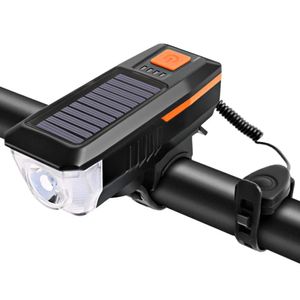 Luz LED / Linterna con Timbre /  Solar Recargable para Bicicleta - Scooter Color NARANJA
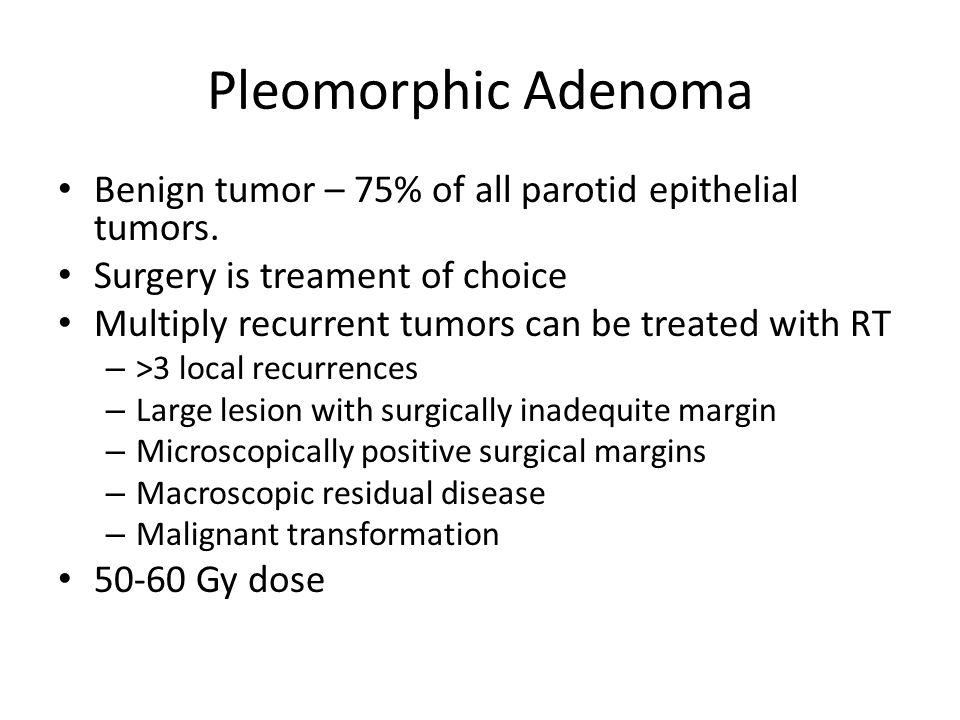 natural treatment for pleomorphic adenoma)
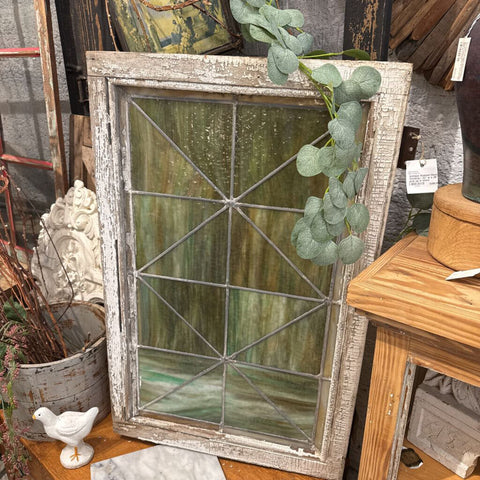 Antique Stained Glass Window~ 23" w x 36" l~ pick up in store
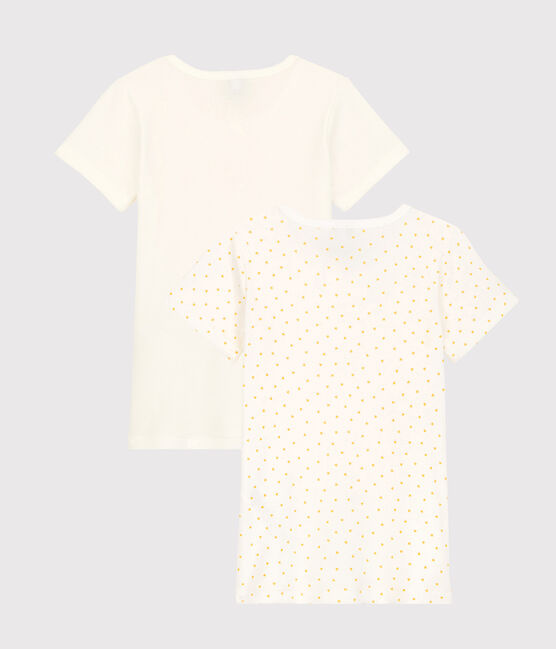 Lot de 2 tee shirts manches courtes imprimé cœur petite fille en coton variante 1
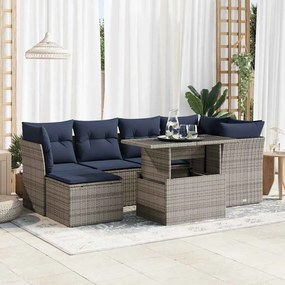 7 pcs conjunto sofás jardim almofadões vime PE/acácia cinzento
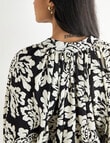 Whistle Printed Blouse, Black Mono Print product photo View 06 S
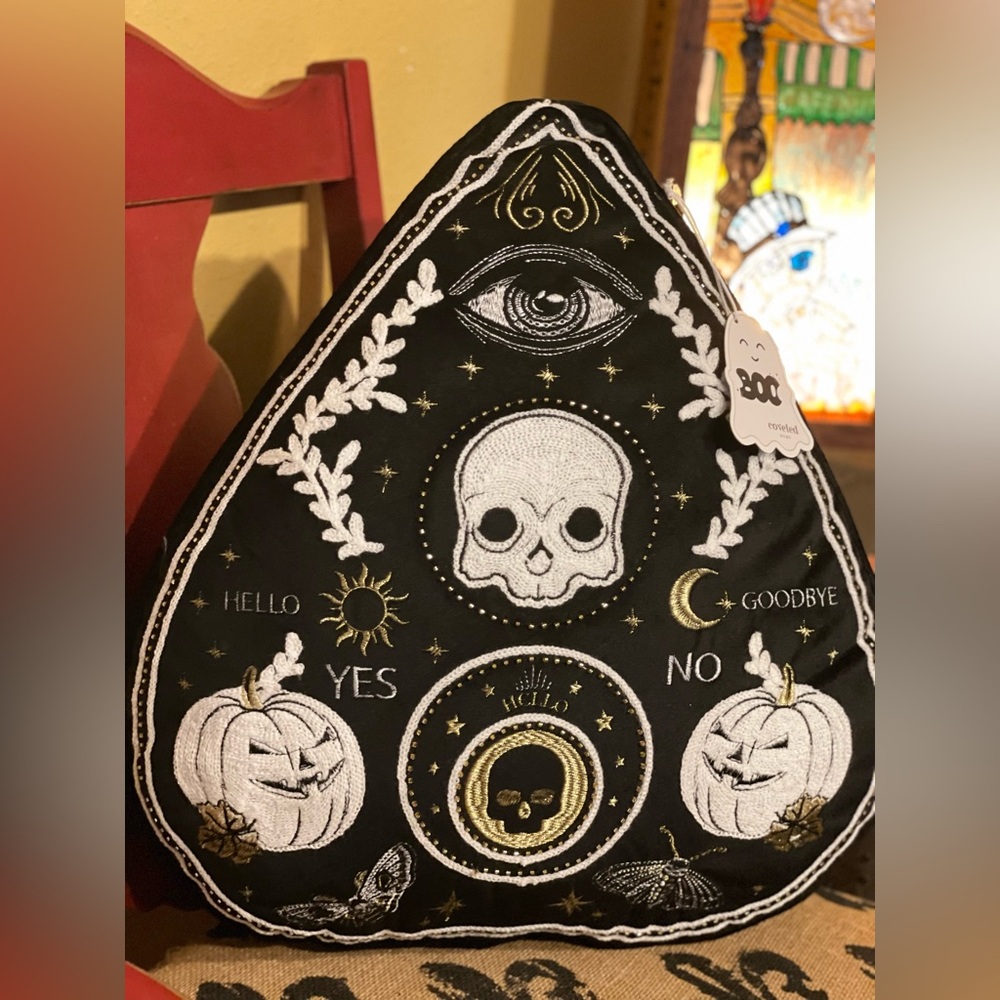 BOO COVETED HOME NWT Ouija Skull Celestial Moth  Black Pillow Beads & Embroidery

* Aim of the exercise *
Repeat word for word the lines above, from the first entry through the line containing "Whistle Printed Blouse, Black", with both ends kept and the pictures dropped.

* Answer below *
 Luz LED / Linterna con Timbre /  Solar Recargable para Bicicleta - Scooter Color NARANJA
 natural treatment for pleomorphic adenoma)
 Antique Stained Glass Window~ 23" w x 36" l~ pick up in store
 Lot de 2 tee shirts manches courtes imprimé cœur petite fille en coton variante 1
 7 pcs conjunto sofás jardim almofadões vime PE/acácia cinzento
 Whistle Printed Blouse, Black Mono Print product photo View 06 S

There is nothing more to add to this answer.